Lammy identifies some of the false assumptions of the past, and the key challenges ahead. He notes that economic globalisation did not bring about the promised wave of liberal democracy, instead increasing our dependence on authoritarian states, and that reducing America’s security burden in Europe is key to retaining US support. Yet progressive realism promises to embed new false assumptions into our thinking.

In arguing that “governments do not have to choose between values and interests”, Lammy continues to cling to the utopian thinking that has dominated British foreign policy for the last few decades, turning strategies such as “Global Britain” into empty sloganeering.
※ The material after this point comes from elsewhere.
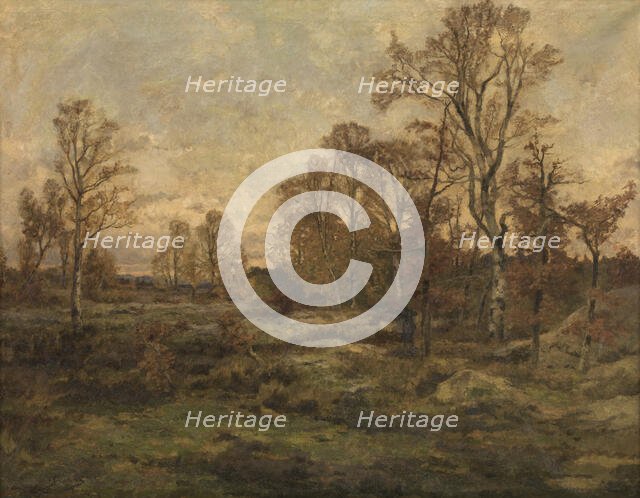 The Forest of Fontainebleau - Autumn Evening, c1860-1899. Creator: Theodore Baron.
Even the most powerful countries in the international order have found it hard, but essential, to stomach that trade-off.

At the heart of the doctrine’s weakness is its failure to provide any kind of roadmap for how Labour will respond to the many foreign policy dilemmas it will face in government. There will have to be trade-offs, particularly with ambitious domestic goals such as economic growth or Net Zero the predominant focus at a time of economic and resource scarcity.

When there are simultaneous demands for Labour to both usher in a green revolution with Chinese-produced solar panels and avoid complicity in the human rights abuse of Uyghurs who make them, which will come out on top? When the UK attempts to shut Russia off from global trade, and defend global democracy, how will it bring on board Narendra Modi’s increasingly ethnonationalist India, widely accused of democratic backsliding? If Donald Trump is elected US president later this year, it is entirely possible that he will continue his attacks on multilateralism, global institutions, and attempts to combat climate change. How would a Labour government retain American support in Europe as we struggle to overcome political, economic, and temporal obstacles to re-arming?

The multiple liberal norms progressive realism champions are all worthy and desirable. Yet, unranked, we are left none the wiser as to how Britain will respond when forced to pick between them. The unstructured fusion of idealism and realism has run into problems before. A 2008 analysis of Obama’s “progressive realist” approach warned astutely that the risk was paralysis and deadlock, well before his foreign policy became known for the inaction that Lammy now explicitly criticises.  On many issues of substance such as China or Ukraine, his approach differs little from existing Government strategy.

Lammy argues that the Conservative desire for a Global Britain is rooted in nostalgia for a long-distant past. Yet his own progressive realism stems from a similarly romantic but unachievable desire for a revival of successful global multilateralism, whose last rites have been read. As Nathalie Tocci has convincingly argued, hope of a multilateral revival under President Biden has not materialised, and global institutions have found themselves paralysed in an increasingly multipolar world.  Re-engagement now for its own sake risks leaving Britain an isolated bag-carrier for the obligations that will follow.

As external foreign policy dilemmas occur, they will set off Labour’s own internal crises, as the party tries to mediate the interests-values tension which it has yet to ameliorate. Labour has a long record of party-rupturing disputes over foreign policy. In stark contrast with Sir Keir Starmer’s stage-managed, minimalistic approach to his platform for government, Lammy is building an ideological trap for his party here.


Ollie Ryan Tucker writes on national security and intelligence at Neither Confirm Nor Deny.